The role of photon flux density on photosynthesis has been studied in an array of plant species, resulting in light-dependent photosynthetic response curves at both the leaf and plant levels. The extent to which light quality affects photosynthesis is also potentially studied through its effects on the specific absorption spectrum of photosynthetic pigments, or the uptake of essential micronutrients to the photosynthetic electron transport chain (O’Carrigan et al., 2014).

The short-term response to light quality of photosynthetic CO2 fixation is wavelength dependent and changes rapidly. Spectrum-dependent quantum yields are the highest for red wavelengths, whereas there is a reduction in blue wavelengths due to the partial absorption by non-photosynthetic pigments (Izzo et al., 2019). However, long-term application of red light induces an imbalance between the Photosystem I and II (Park and Runkle, 2018), which would, in turn, reduce the quantum yield. Indeed, monochromatic lights are unnatural lighting conditions for plants and reduce the photosynthetic rate in comparison with white light (Abidi et al., 2013; Hamdani et al., 2019). Therefore, combined multiple wavelengths are generally proposed in plant production systems. When exposing plants to blue light in addition to natural light, the photosynthetic activity increases with increasing blue photon proportion (Hogewoning et al., 2010; Kaiser et al., 2019; Wang et al., 2016).

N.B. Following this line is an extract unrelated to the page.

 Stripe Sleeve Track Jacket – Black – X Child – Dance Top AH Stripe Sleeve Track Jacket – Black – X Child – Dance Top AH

Besides the direct photosynthetic activity, light quality regulates many other physiological aspects that indirectly affect photosynthesis. For example, blue light was suggested to have a higher efficiency in inducing stomatal opening in C3 plants (Hiyama et al., 2017; Liu et al., 2018), which is mediated by cryptochromes (Shimazaki et al., 2007). Blue spectra also affect the relocation of chloroplasts within the cells and, thus, influence light capture (Suetsugu and Wada, 2007). Chloroplasts accumulate at the cell surface to maximize light capture and photosynthetic ability in response to low-fluence blue light. By contrast, under higher fluence blue light, chloroplasts move to the opposite side to avoid photodamage (Kami et al., 2010), which is mediated by the phototropins (Kong and Wada, 2016).

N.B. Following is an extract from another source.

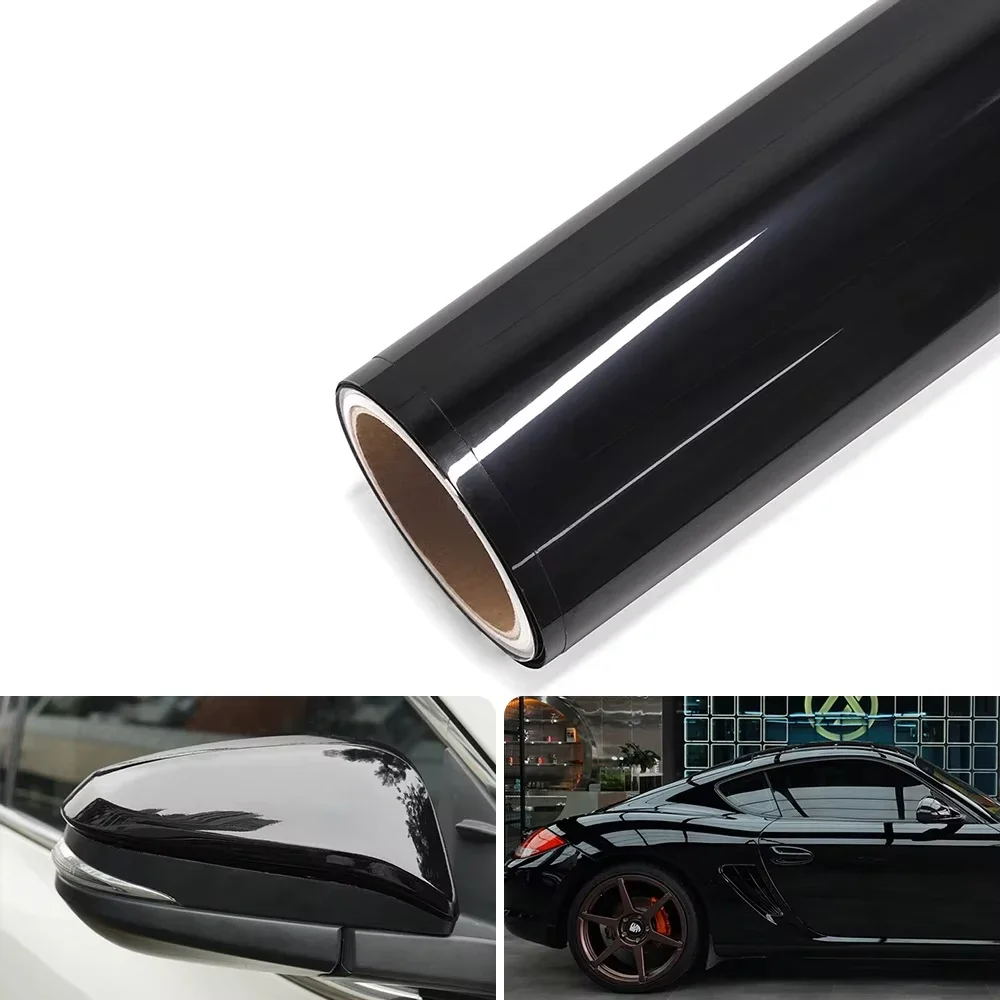 Glossy Black Car Wrap Vinyl Sticker Cover Sheet Adhesive Film Exterior Automotive Motorcycle DIY Decoration Auto Tuning Para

Long-term exposure to a specific light condition modifies the plant anatomy and architecture, and chloroplast characteristics, thus indirectly affecting photosynthesis. Blue light was reported to be beneficial for chlorophyll accumulation and increasing the Chl a/b ratio (Poudel et al., 2008). There are also reports that indicate that monochromatic blue light reduces chlorophyll content, while no effect was found in certain species (Abidi et al., 2013; Wang et al., 2015). At the molecular level, blue light upregulates the gene expression of MgCH, GluTR, and FeCH, which regulate the synthesis of enzymes involved in chlorophyll biosynthesis, and hence promotes chlorophyll accumulation (Lobiuc et al., 2017). By contrast, red light is not conducive to the formation of chlorophyll because of the reduction in the tetrapyrrole precursor 5-aminolevulinic acid (Sood et al., 2005; Tanaka and Tanaka, 2006). Leaf thickness, stomatal density, and palisade cell length are increased under blue light as compared with plants grown under red or green light (Shengxin et al., 2016; Wang et al., 2015). In cucumber grown under low radiations, illumination of chloroplasts with blue light resulted in a higher number of grana lamellae and more stacked thylakoid membranes than that with white or red light (Wang et al., 2014). Through the effects on leaf area, leaf orientation, and branching, light quality can influence light interception and, thus, indirectly affect photosynthetic capacity at the whole plant level.

Crop morphology.

Spectral manipulation could maximize biomass production; however, especially in ornamental production, compact plants with fine morphological quality might be desired. There are several ways to regulate plant morphology, including irrigational manipulation, temperature profile altering, and using plant growth regulators (Davis and Burns, 2016). Nevertheless, the ability of LEDs to control the light spectrum provides the possibility to optimize plant morphology without chemical intervention.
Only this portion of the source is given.